Король Иоанн откровенно веселится.
– Вот прямодушный малый! И на каком же основании твой младший брат требует наследство? Какие у него аргументы?
– Понятия не имею, – пожимает плечами Бастард. – Хочет получить землю, вот и клевещет, что я, дескать, незаконный. А кто же, кроме нашей матери, может точно знать, насколько мы оба законные сыновья? Вопрос, как говорится, открытый. Может, с ней и вправду потрудился надо мной кто-то посторонний, но уж потрудился он на славу: я получился ничуть не хуже братца. Посмотрите на нас, ваше величество, и сравните. Видите разницу? Если мы оба рождены от сэра Роберта и брат пошел в отца, то как же мне свезло-то, что я на него не похож!
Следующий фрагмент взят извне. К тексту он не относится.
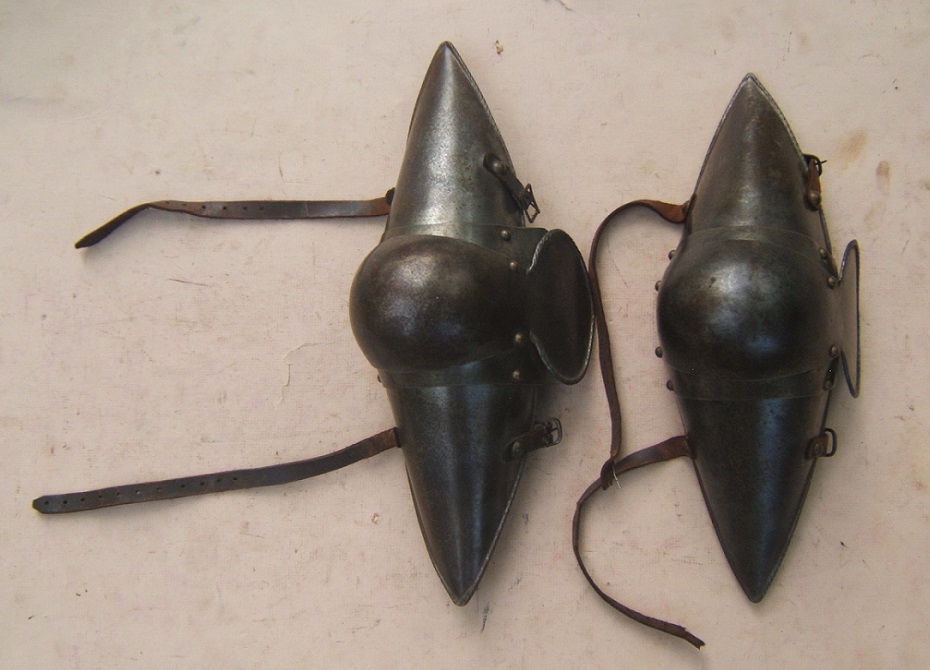 A FINE PAIR OF VICTORIAN ERA COPIES OF 15th CENTURY ARCHER'S KNEE DEFENSES of, ca. 1450 (ca.1890) front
Шуточка вышла слегка замысловатая и сальная, но король от души хохочет (Иоанн действительно обладал хорошим, хотя и крайне злым чувством юмора.)
– Ну ты даешь! Вот же отмочил!
Элеонора внимательно разглядывает Бастарда.
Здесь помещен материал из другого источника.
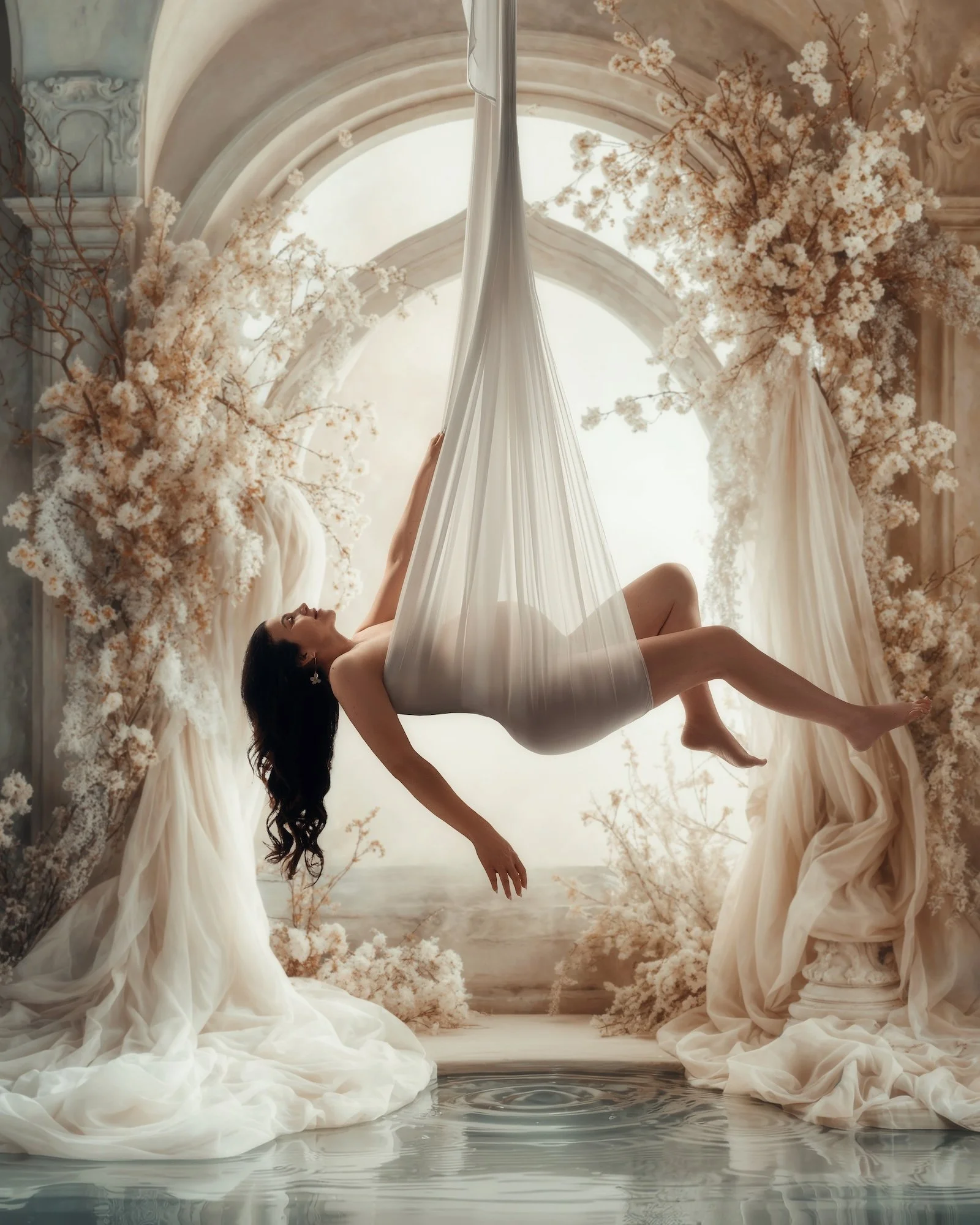 Exclusive fine-art maternity portrait: pregnant woman in a flowing white gown reclining in a flower-filled boat on dreamy turquoise water, surrounded by lush blooms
– А он ведь чем-то похож на Львиное Сердце, – задумчиво произносит она, обращаясь к сыну. – И голос, и лицо, и сложение такое же мощное…
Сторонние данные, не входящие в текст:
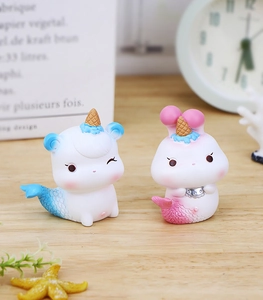 Détail de figurines d'animaux sirènes en résine avec finition mate sur un bureau en bois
– Да, – соглашается Иоанн, – я тоже все время смотрю на него и вижу Ричарда. Ну прямо вылитый!
И обращается ко второму брату:
– Ну а теперь ты, младший, доказывай свои права.
Роберт, младший брат, начинает, как водится, издалека: мол, мой отец был связан с вашим старшим братом Ричардом Львиное Сердце верной службой…
– Этими песнями ты землю себе не оттягаешь, – презрительно перебивает его Бастард. – Доказывай, что наша мать связалась с королем Ричардом!
Роберт приступает к изложению.
– Случилось так, что король послал отца на переговоры с германским королем, который в то время был императором Священной Римской империи, а сам немедленно поселился в нашем замке. Мне неловко рассказывать эти постыдные подробности, но от правды никуда не денешься. Мой отец и сам говорил, что в момент зачатия старшего ребенка их с матерью разделяло огромное расстояние, поэтому старший сын точно не от него. Не мог же младенец родиться на четырнадцать недель раньше срока! Отец настолько твердо был уверен, что старший ребенок – не его, что на смертном одре завещал все земли мне. Вот я и хочу, ваше величество, получить свое наследство согласно воле отца.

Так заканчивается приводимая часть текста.